I'm not sure if live-at-home Chuck is the one for me
Dear Annie: I am 52 years old, have been divorced for 15 years and am currently involved in a relationship with a wonderful man. "Chuck" lives 80 miles from me, but we have adjusted to the distance and enjoy weekends together. The problem is, he still lives at home with his parents. He's 53, has never been married and is very spoiled.
We are madly in love with each other. He adores my children and grandchildren. And he supported me during some difficult times. We have looked at engagement rings, but that's as far as it has gone. I don't want to continue this if Chuck has no intention of marrying me. Why invest in a relationship that is going nowhere? Whenever I try to talk to him about it, he avoids the conversation.

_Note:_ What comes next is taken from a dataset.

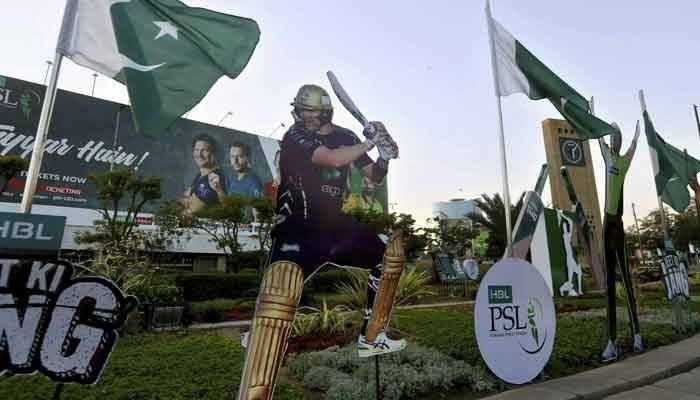   پی سی بی نے پاکستان سپر لیگ 9 کیلئے میچ آفیشلز کا اعلان کردیا
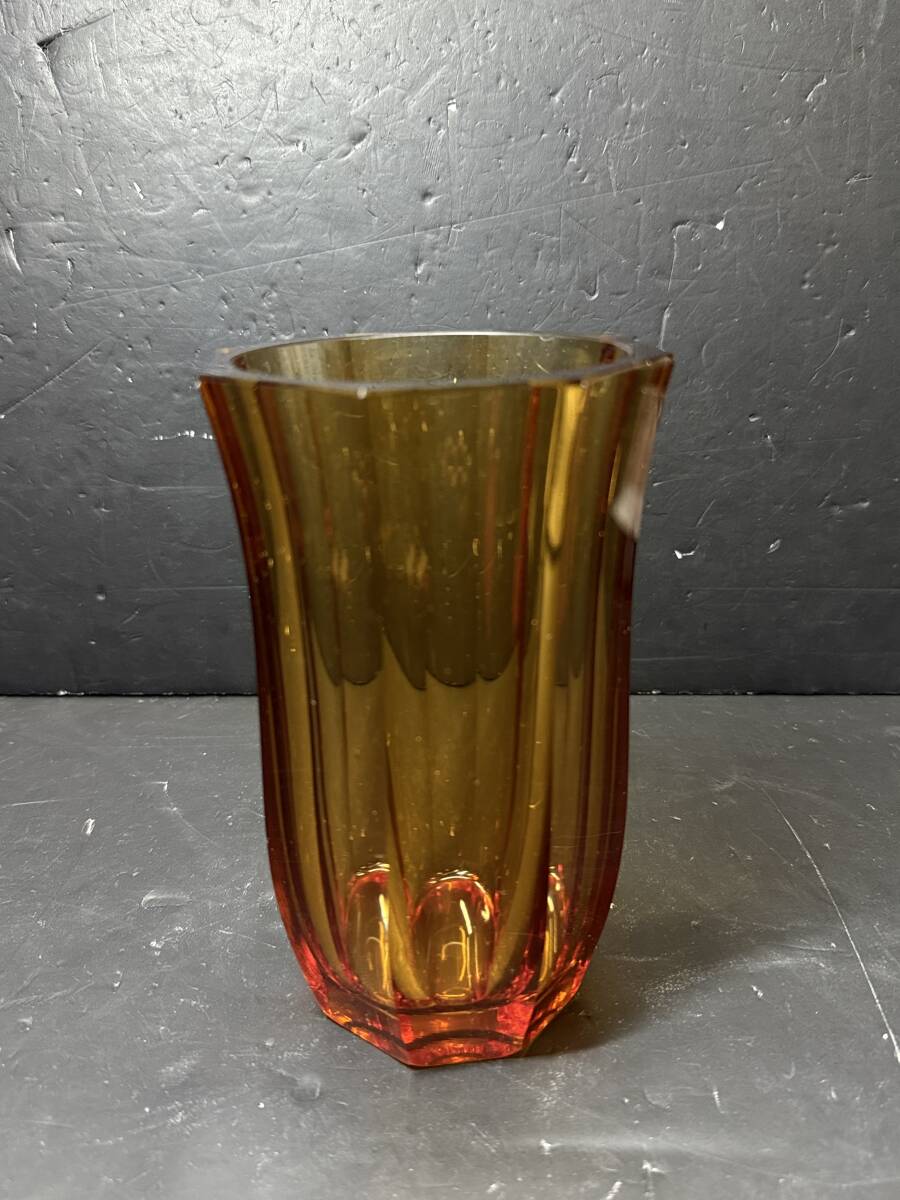 ★コレクター必見 ガラス製 フラワーベース 花瓶 アンバー色 琥珀色 置物 飾り コレクション レトロ ビンテージ GT927拍卖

I do not want to grow old alone. I am ready to make a commitment, but Chuck isn't. Should I end this now before it's too late? I don't want to wait until his parents die. They are in excellent health, and it could be a long time. — Investing and Confused
Dear Investing: If you are looking for a commitment right now, a 53-year-old man who has never been married and still lives with his parents is probably not a good bet. This is especially true if he refuses to discuss the subject. Living independently is how people mature and develop, and Chuck has never had that opportunity. Unless he is acting as caregiver for his parents (and it doesn't seem so), we think you should consider this a wonderful friendship and nothing more.
Dear Annie: I am fed up. Every time my family gets together, the women spend the entire time working while the men sit around and watch TV.
I am so angry about this sexism that I am ready to stop attending these functions. I don't believe that women who work full-time jobs should be expected to slave away in the kitchen doing prep and cleanup, while the men show up, eat a delicious meal and then relax on the couch.
I've voiced my objections to my mother and sister, but while they agree with me, they do nothing to back up my request for help from my father and brother. My brother-in-law will give us a hand, but his son plays on the computer.
What advice do you have for me other than to stop participating? — On Strike
Dear On Strike: If you want the menfolk to help out, you have to insist on it, since they obviously aren't considerate enough to do it voluntarily. Hand your nephew the silverware, and tell him to set the table. Give your brother the plates. Enlist your brother-in-law as an ally. Ask him to inform the guys that they will be clearing the table and putting leftovers away. Tell him it is good training for his son. Your mother and sister may still choose to do most of the work, but it's a start.
Dear Annie: Although "Bummed Out" and "Burned Out" were fortunate that their children eventually gave up drugs and got their lives back on track, I have to say that is not always the case.
I am 22 and am taking care of my 13-year-old brother and three-year-old sister. My mother has been in and out of drug rehab multiple times, but she is still using. And my grandparents, in their refusal to give up on her, are still "helping."
I am so happy I could get my siblings out of this family dysfunction before they had to go through what I did as a child. So to all the enablers out there: Cut your losses. — The Rest of the Family
Dear Rest: We commend you for taking responsibility for your siblings and understand your desire to cut ties. But parents are loath to give up on a child, and on occasion, their efforts pay off. This is why your grandparents still enable your mother. We hope someday they will find a better way to help her.